Why was getting a group of students to plank, scream at each other and take on the character of a dance mum helpful in our character development? Because it showed us everything someone needs to ignite their competitive nature. Entering the challenge with my mind set meant I was definitely going to lose. If you don't have faith in yourself to win, then what's the point in even trying; you are your own worst enemy. That teaches us many things: we must have confidence in other characters- 'I believed in Enron'- we have to believe that this company is going to work, even though we know the ending we must believe in those moments that we are working for a company that is godlike and untouchable; it is what will make the story work for us and the audience, we must have confidence in ourselves to pull of these characters, which on a personal level means letting go of inhibitions and doubts because they are going to become the very thing holding me back and finally we must believe in the piece- we want this piece to be the best? Then we have to believe it is. This challenge also revealed a nature in all of us that we can all channel in the creation of the play and our characters- we are animals, competition is our nature, it is a survival instinct and to survive in the business world you must tap into that. I have nothing against Vlad and yet some of what I was saying to try and persuade him to drop just so I could win, is unacceptable, explained only by the need I felt to be on the winning team. It is instinctual, beneficial, egotistical and it feels good. The joy and excitement Enron generated was by making people believe they were winners. We need to know what that feels like and on a deeper level what we sacrificed to achieve it. The importance of winning is something Claudia and the company share and this exercise allowed me to access the recesses of my body and mind that crave this like a drug which is hopefully something I can refer to as stimulus.

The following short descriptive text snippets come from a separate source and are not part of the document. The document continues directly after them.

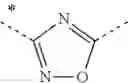 Fig. 14 - NOVEL PYRIMIDINE-PYRIDINE DERIVATIVES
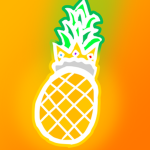 Pineapple King Productions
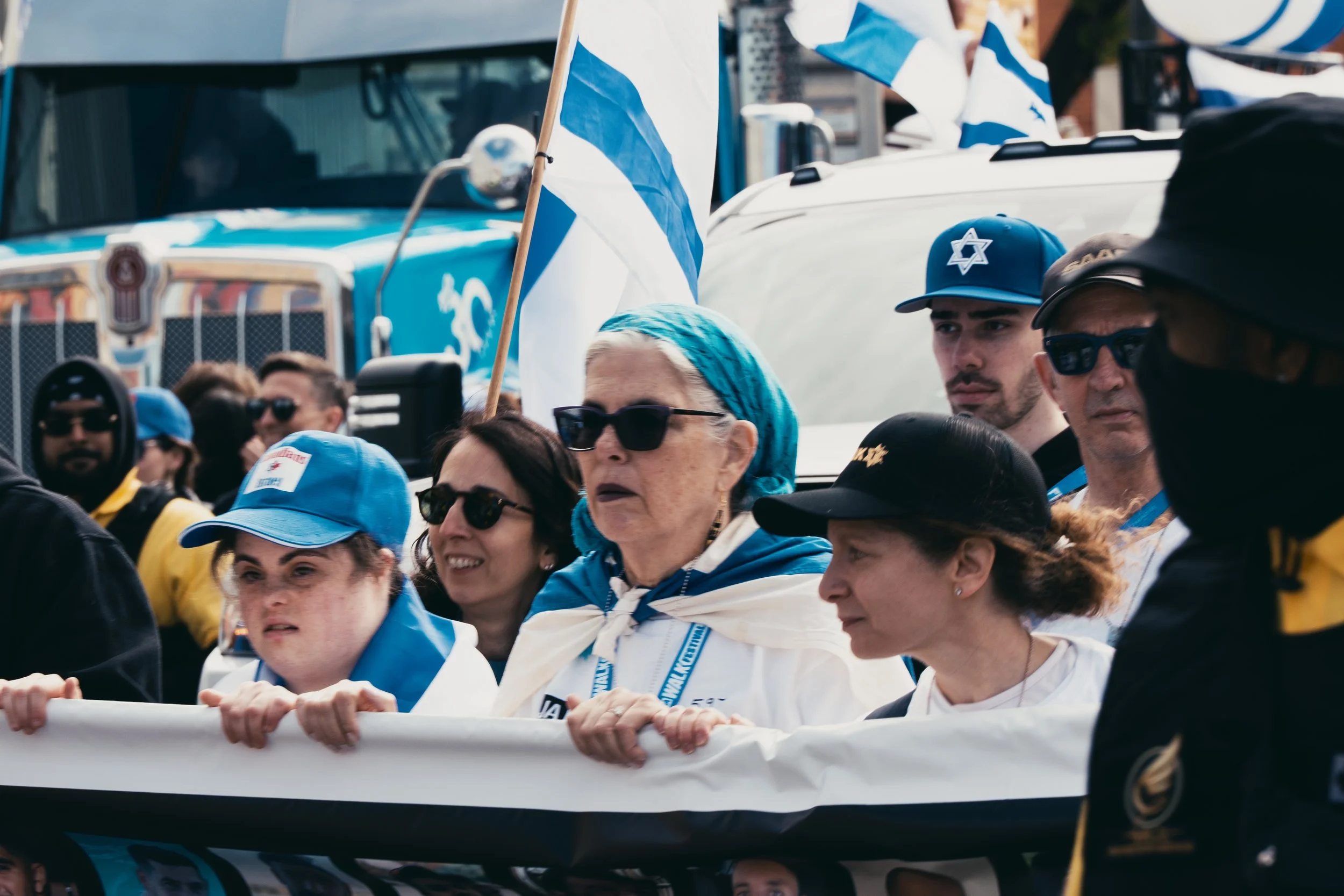 _DSC0973.jpeg
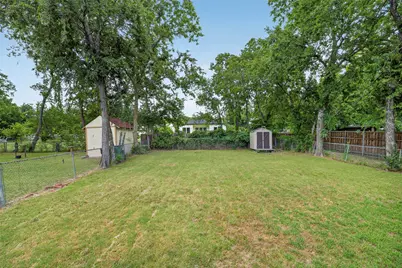 1914 Stanford Street, Greenville, TX 75401 - Photo 35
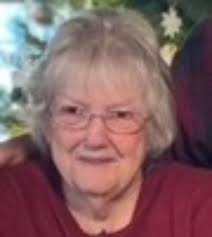 Margaret E. Taylor Obituary January 6, 2022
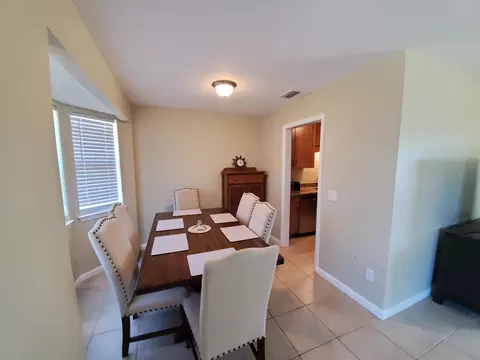 606 E Pine Forest Dr, Lynn Haven, FL 32444 photo 7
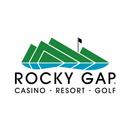Rocky Gap Casino APK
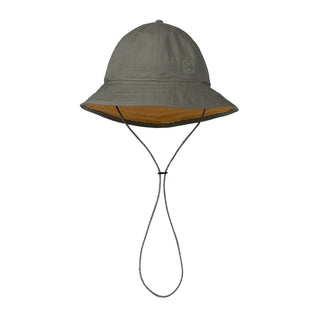 BUFF® Nmad Bucket Hat YSTE FOREST S/M - Hoed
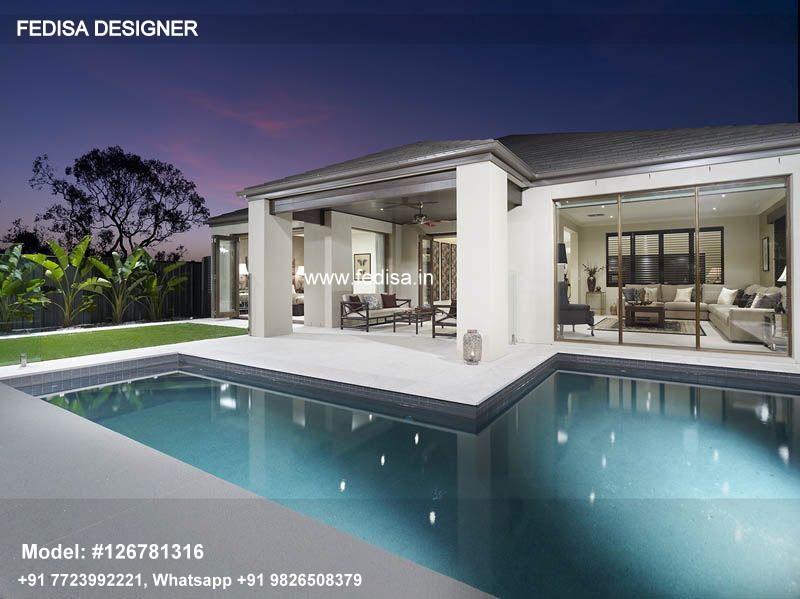 House Pop Design Mediterranean Design Luxury House Plans Beautiful Interior Design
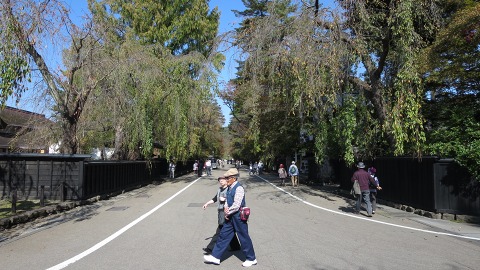 e0202031_22362024.jpg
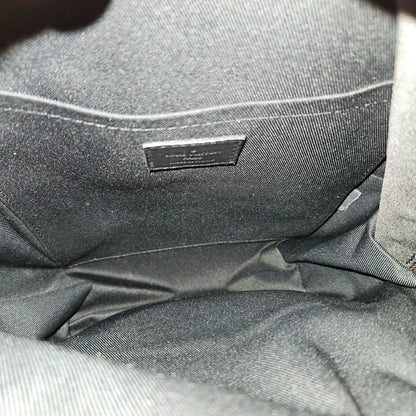 Louis Vuitton Monogram Palm Spring PM Backbag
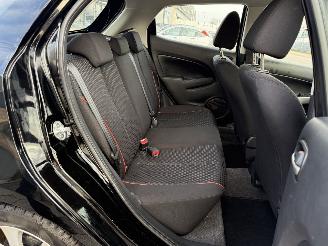 Mazda 2 1.3 BIFUEL GT-M Line picture 14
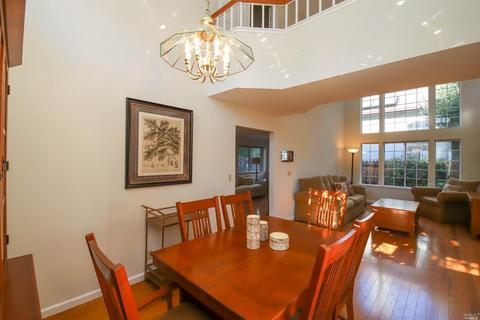 591 Rolling Oak Ct, Vacaville, CA 95688 photo 13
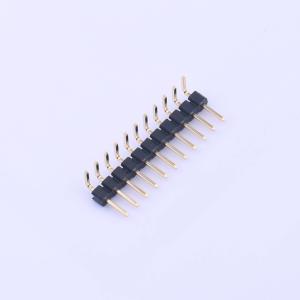 X4611WR-11I-C40D28商品缩略图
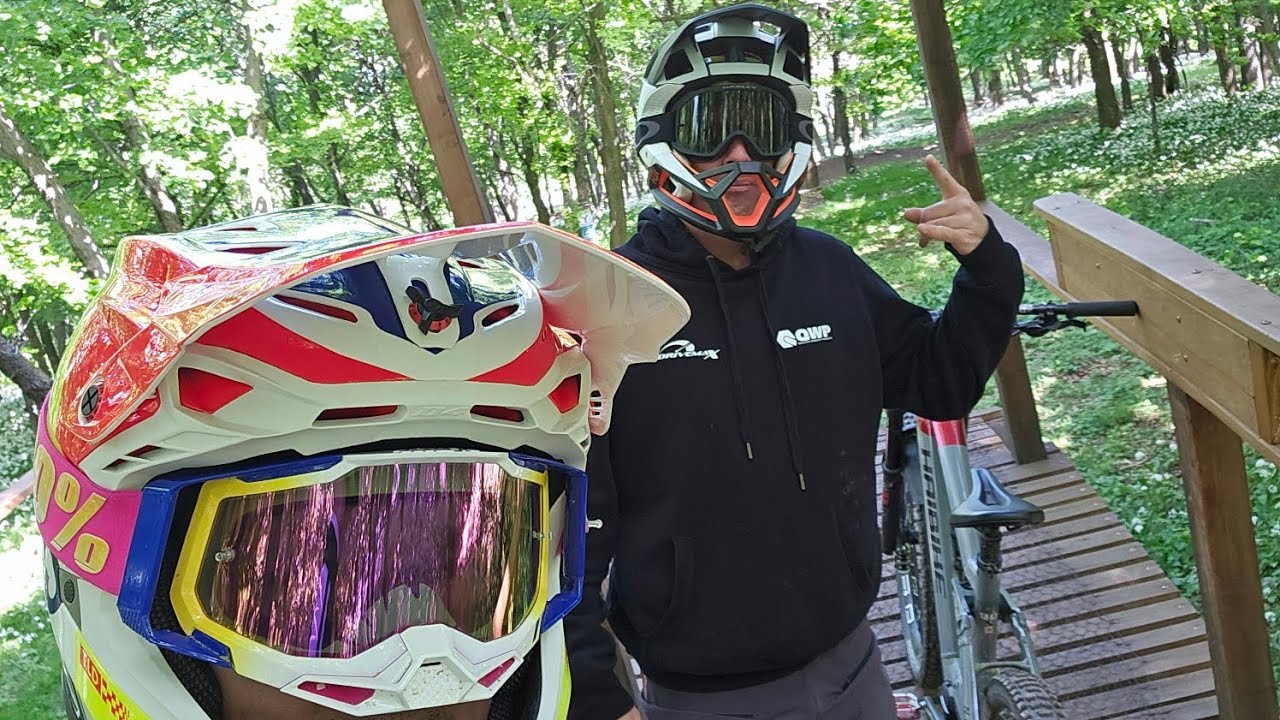 Eplény Crazy Dance /kipróbáltuk nagyon jó lett/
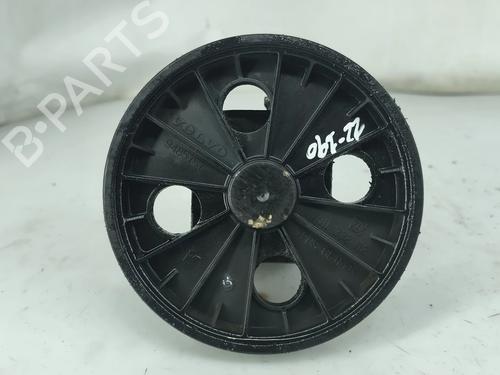 Used Steering pump Steering pump 32863371 32863371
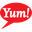 Yum! Brands Inc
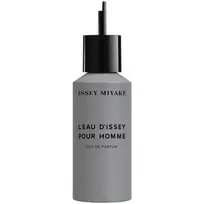 Issey Miyake L'Eau d'Issey pour Homme Eau de Parfum 150ml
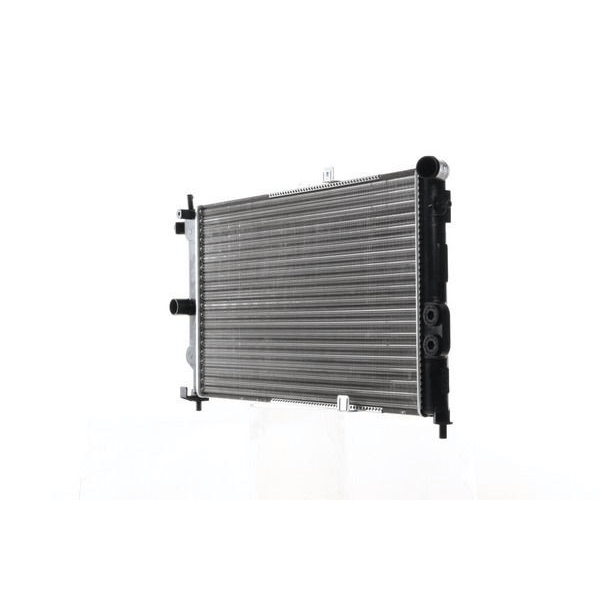 SU RADYATORU MANUEL VECTRA A C20NE C20XE X20XEV 1300133 90443463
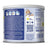 Nutribén Épaississant 200 g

Our second competition was a devising challenge which was something I was more confident walking into. The team leaders: Tat and I, Alfie and Amber and Sam and Charlie. We were given a group to direct in a physical sequence to appear at the end of scene 6; a pinnacle moment in our physical timeline seeing as this was written in by the playwright. Tatenda and I used the phrase organised chaos as our inspiration: its mad and crazy but ordered and precise. The world Enron created was bizarre to the outside eye and the audience should feel that, but the companies work was slick which was why they continued as long as they did, so the combination of the two was what we wanted to bring. We worked with 2 tables and 3 props- paper, phones and keyboards. The paper was dropped, but then promptly picked up by someone following, a phone was picked up thrown around the group and then someone would stand still take the call and then carry on and keyboard leads were used to walk the employees like dogs and then they got up and continued to type; so to reiterate, hectic but stylish. I am happy to report that our team won and I'm sure Claudia and Lay would be very proud. Although, on a level similar to the plank challenge this allowed me to experience what it is to spend energy and get a reward for it and it fed that element in me that wanted Claudia to beat the group led by 2 Skilling's.